O encontro foi conduzido pela promotora de Justiça Carmelina Moura, titular da 24ª Promotoria de Justiça do MPPI, e pelo procurador da República Kelston Lages do MPF.A reunião abordou, os danos à fauna e à flora causados pelo acúmulo de resíduos e aguapés, além do impacto que a situação provoca nas atividades de pesca na região.
A promotora Carmelina Moura destacou a necessidade de atuação urgente e integrada dos órgãos para retirada do material. O procurador Kelston Lages reforçou os danos ambientais e cobrou articulação entre as instituições para resolver o problema. A avaliação compartilhada é de que uma resolução para a situação dos aguapés na região, não pode ser prolongada.

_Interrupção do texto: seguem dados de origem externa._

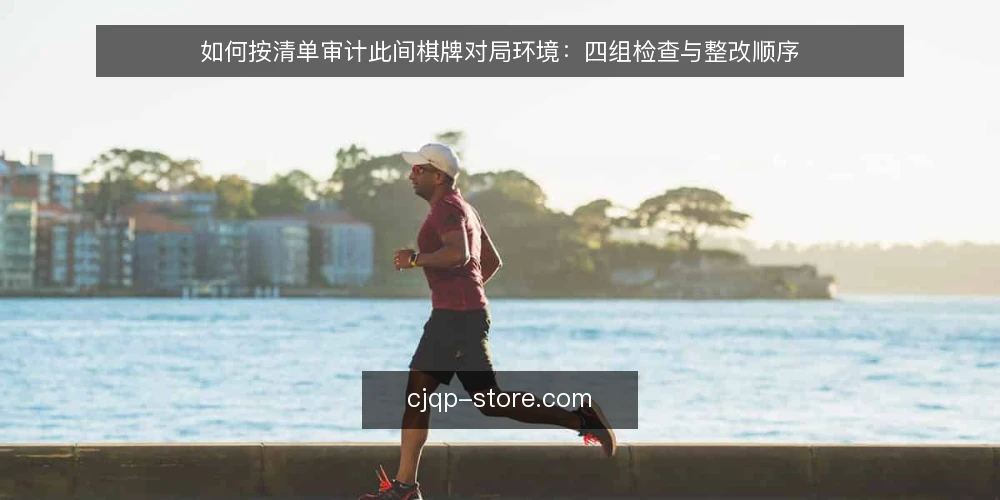 如何按清单审计此间棋牌对局环境：四组检查与整改顺序 — 为什么现在要做一次对局环境审计 配图
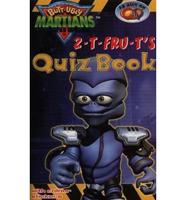 2-T Fru-T's Quiz Book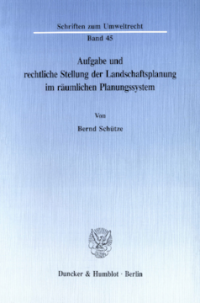 Aufgabe und rechtliche Stellung der Landschaftsplanung im räumlichen Planungssystem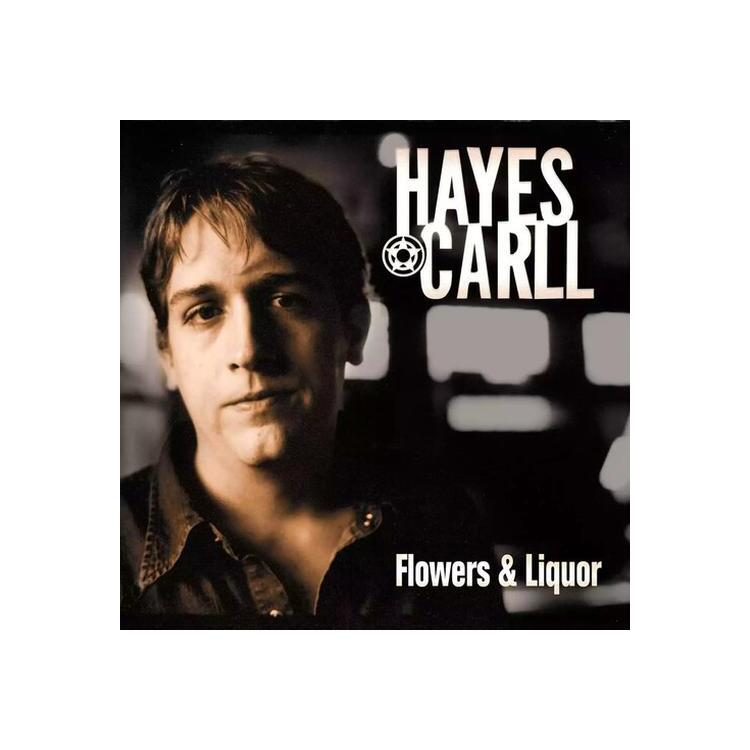 HAYES CARLL - Flowers And Liquor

Ao fim da reunião, ficou deliberada a criação de um Grupo de Trabalho sob coordenação da SDU Norte. O grupo tem dez dias para entregar um plano com ações, cronograma e orçamento para a execução emergencial da limpeza. Além de propor as intervenções, o colegiado também deverá investigar as causas do acúmulo dos materiais no local, com o objetivo de evitar que o problema se repita.
Participaram da reunião representantes das Secretarias Municipais de Meio Ambiente (Semam) e de Desenvolvimento Urbano e Habitação (Semduh), da SDU Norte, do Ibama e da Associação Social para Educação e Tratamento dos Excepcionais (Asete).